Problem details. Could you set down exactly the lines in the records below between the line holding "The Eternal Glyph" and the line holding "Christmas fir tree", inclusive?

[Dataset items]
----------------

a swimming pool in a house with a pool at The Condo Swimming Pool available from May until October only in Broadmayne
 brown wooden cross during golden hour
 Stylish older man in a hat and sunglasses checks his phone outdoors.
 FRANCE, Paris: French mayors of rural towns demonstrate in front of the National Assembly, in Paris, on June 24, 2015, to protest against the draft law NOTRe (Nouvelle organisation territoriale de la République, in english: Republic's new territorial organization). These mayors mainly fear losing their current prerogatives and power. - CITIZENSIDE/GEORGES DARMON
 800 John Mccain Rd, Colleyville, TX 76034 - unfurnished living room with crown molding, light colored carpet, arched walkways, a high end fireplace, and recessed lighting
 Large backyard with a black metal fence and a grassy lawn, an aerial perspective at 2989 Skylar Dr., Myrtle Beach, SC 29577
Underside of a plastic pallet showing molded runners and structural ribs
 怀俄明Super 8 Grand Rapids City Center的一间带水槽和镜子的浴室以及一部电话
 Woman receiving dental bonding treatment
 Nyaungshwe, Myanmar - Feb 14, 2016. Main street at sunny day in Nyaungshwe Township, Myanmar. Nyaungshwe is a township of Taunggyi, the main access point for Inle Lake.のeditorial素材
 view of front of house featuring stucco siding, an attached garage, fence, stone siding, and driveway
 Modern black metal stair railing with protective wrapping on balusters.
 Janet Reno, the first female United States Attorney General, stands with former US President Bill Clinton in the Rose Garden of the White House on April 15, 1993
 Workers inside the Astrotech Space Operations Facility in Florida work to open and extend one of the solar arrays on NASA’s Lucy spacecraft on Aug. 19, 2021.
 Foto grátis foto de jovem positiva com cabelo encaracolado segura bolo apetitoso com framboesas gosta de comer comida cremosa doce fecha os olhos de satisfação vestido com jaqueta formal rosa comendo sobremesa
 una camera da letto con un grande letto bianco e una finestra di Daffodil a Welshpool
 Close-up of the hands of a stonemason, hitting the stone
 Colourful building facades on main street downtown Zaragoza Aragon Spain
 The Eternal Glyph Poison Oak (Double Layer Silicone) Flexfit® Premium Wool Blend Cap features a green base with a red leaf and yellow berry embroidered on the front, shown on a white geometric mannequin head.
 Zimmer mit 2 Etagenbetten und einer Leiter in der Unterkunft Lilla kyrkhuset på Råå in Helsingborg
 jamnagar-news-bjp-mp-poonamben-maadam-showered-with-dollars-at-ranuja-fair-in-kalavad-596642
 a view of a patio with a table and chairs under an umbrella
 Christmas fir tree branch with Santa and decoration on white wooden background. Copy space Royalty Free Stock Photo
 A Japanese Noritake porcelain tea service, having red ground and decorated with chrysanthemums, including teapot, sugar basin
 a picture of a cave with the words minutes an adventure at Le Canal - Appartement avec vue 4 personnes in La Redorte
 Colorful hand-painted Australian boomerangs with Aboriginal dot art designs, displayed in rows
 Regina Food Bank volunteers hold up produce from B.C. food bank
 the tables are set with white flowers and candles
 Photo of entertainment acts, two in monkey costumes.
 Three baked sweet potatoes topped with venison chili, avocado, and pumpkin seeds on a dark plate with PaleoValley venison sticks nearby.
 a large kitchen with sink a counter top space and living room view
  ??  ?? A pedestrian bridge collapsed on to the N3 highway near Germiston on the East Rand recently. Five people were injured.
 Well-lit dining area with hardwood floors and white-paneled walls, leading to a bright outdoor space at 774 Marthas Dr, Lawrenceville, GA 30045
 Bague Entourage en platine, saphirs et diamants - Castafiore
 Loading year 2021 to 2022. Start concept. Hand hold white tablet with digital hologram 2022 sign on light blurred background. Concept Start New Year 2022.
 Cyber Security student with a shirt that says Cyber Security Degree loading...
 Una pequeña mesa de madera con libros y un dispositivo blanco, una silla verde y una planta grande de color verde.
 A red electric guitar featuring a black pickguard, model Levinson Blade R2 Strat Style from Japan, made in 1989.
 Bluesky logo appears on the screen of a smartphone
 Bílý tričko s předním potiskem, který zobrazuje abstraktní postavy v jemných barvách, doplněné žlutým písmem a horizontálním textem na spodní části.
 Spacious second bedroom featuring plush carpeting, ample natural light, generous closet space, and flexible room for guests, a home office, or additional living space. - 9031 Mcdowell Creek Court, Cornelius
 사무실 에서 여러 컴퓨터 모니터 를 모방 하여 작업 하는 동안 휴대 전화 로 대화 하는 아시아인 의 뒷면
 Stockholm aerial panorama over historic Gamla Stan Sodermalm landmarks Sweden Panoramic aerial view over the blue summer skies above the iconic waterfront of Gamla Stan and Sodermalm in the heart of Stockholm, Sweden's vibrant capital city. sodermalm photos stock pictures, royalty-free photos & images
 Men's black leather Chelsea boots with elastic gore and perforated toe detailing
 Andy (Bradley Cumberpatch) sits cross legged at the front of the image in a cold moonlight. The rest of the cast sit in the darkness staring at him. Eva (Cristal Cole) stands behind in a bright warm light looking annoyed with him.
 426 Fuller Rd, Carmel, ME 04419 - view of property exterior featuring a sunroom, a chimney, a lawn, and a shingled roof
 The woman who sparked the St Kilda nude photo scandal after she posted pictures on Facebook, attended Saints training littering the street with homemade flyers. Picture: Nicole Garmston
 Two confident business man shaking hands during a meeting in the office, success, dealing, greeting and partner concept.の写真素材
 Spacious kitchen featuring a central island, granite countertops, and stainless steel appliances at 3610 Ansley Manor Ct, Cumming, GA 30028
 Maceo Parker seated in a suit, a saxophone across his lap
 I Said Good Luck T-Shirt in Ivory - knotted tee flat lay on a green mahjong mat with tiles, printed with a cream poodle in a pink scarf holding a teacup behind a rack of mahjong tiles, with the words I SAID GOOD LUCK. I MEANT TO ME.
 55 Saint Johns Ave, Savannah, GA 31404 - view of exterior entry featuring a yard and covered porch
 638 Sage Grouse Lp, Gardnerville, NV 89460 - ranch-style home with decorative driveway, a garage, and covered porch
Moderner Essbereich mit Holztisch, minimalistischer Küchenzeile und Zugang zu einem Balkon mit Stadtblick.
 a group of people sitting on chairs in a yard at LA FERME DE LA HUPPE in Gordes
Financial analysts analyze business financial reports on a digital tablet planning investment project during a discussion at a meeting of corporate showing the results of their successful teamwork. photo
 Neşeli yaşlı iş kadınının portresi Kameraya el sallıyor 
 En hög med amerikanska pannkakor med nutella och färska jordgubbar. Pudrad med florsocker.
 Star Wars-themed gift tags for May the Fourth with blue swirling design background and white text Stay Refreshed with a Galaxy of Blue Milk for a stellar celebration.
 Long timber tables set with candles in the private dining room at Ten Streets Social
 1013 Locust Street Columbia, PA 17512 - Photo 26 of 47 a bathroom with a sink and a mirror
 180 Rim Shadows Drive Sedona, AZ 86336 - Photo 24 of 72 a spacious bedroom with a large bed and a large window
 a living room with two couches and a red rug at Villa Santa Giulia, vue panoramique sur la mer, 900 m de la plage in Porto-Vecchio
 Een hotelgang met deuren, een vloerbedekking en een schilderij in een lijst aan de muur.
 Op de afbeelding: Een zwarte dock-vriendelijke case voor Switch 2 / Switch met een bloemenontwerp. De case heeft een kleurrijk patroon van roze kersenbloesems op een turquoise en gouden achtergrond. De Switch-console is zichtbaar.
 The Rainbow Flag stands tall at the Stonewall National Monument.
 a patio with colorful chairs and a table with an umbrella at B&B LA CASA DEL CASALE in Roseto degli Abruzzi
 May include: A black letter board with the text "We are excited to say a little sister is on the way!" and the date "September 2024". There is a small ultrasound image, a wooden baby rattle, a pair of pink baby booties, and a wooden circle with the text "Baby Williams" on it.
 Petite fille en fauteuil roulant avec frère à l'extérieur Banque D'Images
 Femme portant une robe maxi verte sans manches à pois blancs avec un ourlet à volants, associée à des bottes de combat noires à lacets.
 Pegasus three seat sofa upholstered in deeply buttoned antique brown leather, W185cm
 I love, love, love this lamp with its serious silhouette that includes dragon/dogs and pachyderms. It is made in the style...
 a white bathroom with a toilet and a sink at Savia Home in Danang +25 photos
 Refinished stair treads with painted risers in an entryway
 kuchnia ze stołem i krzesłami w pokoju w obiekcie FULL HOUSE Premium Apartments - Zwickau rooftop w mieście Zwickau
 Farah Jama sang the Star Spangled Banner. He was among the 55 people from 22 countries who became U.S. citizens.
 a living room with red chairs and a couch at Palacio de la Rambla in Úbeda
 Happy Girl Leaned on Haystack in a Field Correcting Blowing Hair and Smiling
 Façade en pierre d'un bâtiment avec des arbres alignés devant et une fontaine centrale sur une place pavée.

----------------

Answer box.
 The Eternal Glyph Poison Oak (Double Layer Silicone) Flexfit® Premium Wool Blend Cap features a green base with a red leaf and yellow berry embroidered on the front, shown on a white geometric mannequin head.
 Zimmer mit 2 Etagenbetten und einer Leiter in der Unterkunft Lilla kyrkhuset på Råå in Helsingborg
 jamnagar-news-bjp-mp-poonamben-maadam-showered-with-dollars-at-ranuja-fair-in-kalavad-596642
 a view of a patio with a table and chairs under an umbrella
 Christmas fir tree branch with Santa and decoration on white wooden background. Copy space Royalty Free Stock Photo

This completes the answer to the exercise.